Masters candidate in Biostatistics, Shruti Vempati, will present:
“A Comparison of Prediction Methods for Hypertension and Type 2 Diabetes in Living Kidney Donors”
Advisor: Erika Helgeson
Abstract: Living kidney donation has been successfully performed since 1954, but there are risks associated with living with one kidney. Previous literature has studied the risks of hypertension and type 2 diabetes development, among other outcomes, in kidney donors using Cox proportional hazard models. While useful in evaluating linear effects, or pre-specified non-linear associations, these models do not identify non-linear associations as well as other prediction models, such as random forests. Also, there has been limited work in translating individualized risks associated with kidney donation in an accessible format for prospective kidney donors. In this study, we evaluated the predictive performance of Cox proportional hazard models and random survival forests in prediction of type 2 diabetes and hypertension in the University of Minnesota living kidney donor cohort.
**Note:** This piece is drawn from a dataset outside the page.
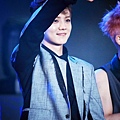 LUHAN-78.jpg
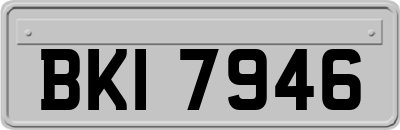 BKI7946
Results show that random forest models have lower prediction error curves and higher prediction accuracy than Cox models. We also developed a Shiny app to provide prospective donors with an accessible way to visualize their estimated risks of these outcomes following kidney donation. Prospective donors can input their demographic and medical information, along with recipient characteristics, and obtain information about their predicted risk of hypertension, type 2 diabetes, eGFR, ESRD, and proteinuria following donation.
Refreshments will be served prior to the presentation.